Part 1
Historical and Methodological Prolegomena
Document 1
“Inaugural Address: The Vital Principle of College Education”
Editor’s Introduction
Faith and College Education
After John Williamson Nevin and Philip Schaff in turn declined offers for the position of President of Franklin and Marshall College, in 1854 the school’s Board of Trustees selected Emanuel Gerhart as its leader. At the time, Gerhart was still serving as Professor of Theology at a seminary in Tiffin, Ohio, and though he expressed reservations, he agreed to return to Lancaster, Pennsylvania. Some historians have speculated on the potential advantages of his decision given his Midwestern location during the Mercersburg conflict in the East. Regardless, the trustees’ selection was likely based on Gerhart’s reputation for talents and abilities “beyond most of his contemporaries.” In accepting his appointment as president, Gerhart remarked: “Whatever I am, intellectually, morally, or spiritually, I owe, next to my parents, to this College.” As its first president (1855–1866), he is remembered for his many personal sacrifices in support of the school, especially during the Civil War and in terms of fundraising for the college’s first buildings.
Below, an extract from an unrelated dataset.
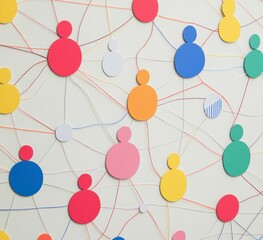 A network of colorful human figures connected by lines and nodes, representing relationships in a social or professional context on white background.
Gerhart’s inauguration took place on July 24, 1855. The day’s events included an introductory talk by Rev. Samuel Bowman about the value of a rigorous and religious education. This was followed Gerhart’s address on “The Vital Principle of Education,” in which he presented his educational agenda. In the nineteenth century, the function of inaugural addresses was for newly hired administrators or professors to express their visions and guiding principles, and Gerhart took full advantage of his opportunity. The primary purpose of this address was to convey his vision for an educational approach that emphasized faith without completely rejecting a human-centered education. Even though Gerhart adopted certain German philosophical ideas for his views regarding education, his overall approach to the topic sharply contrasted with the existing German university model, which Wilhelm von Humboldt described as “live for science.” By contrast, Gerhart believed in faith as a fundamental facet of education.
Gerhart’s statement reveals how his views on college-level education were informed by his Mercersburg theological training. While two of the essential college education principles he described (worldly affairs and the second human consciousness) could be viewed as standing outside of religion, he identified “a positive faith in Jesus Christ” as the most vital principle. As a mediating theologian, Gerhart believed that the foundations of intellectual development must be constructed on the person of Christ, who in his view represented the basis of all realities and the vitality of “literature, philosophy and religion.” In stressing this principle as essential for education, Gerhart clearly rejected a dualist worldview, and by making these a priori claims, he introduced his American audience to a discourse traceable to idealism.
Gerhart rejected common sense philosophy as a starting point for education—perhaps a reaction to what he observed in nineteenth-century American culture. Thanks to his teacher Frederick Rauch, he was familiar with the European education system and therefore aware of alternative forms to the US model. Over the course of his life, he injected some features of German idealism into his vision for education, and expressed agreement with the idea that all sources of knowledge must be derived from a single principle. While not mentioning any specific source, Gerhart apparently shared the German idealist philosopher’s Friedrich Schelling’s (1775–1854) belief that “only one principle govern[s] all reality.” A key concern for Gerhart was applying a single guiding principle to education, and he accepted a Christocentric theology as the most suitable. During a period in which rejection of faith became a dominant presupposition in nineteenth-century German academic circles, Gerhart made every effort to maintain an interior association between the person of Jesus Christ and all scientific disciplines. While he acknowledged value in other academic systems, he argued that they were only truly profitable if guided by a Christocentric principle.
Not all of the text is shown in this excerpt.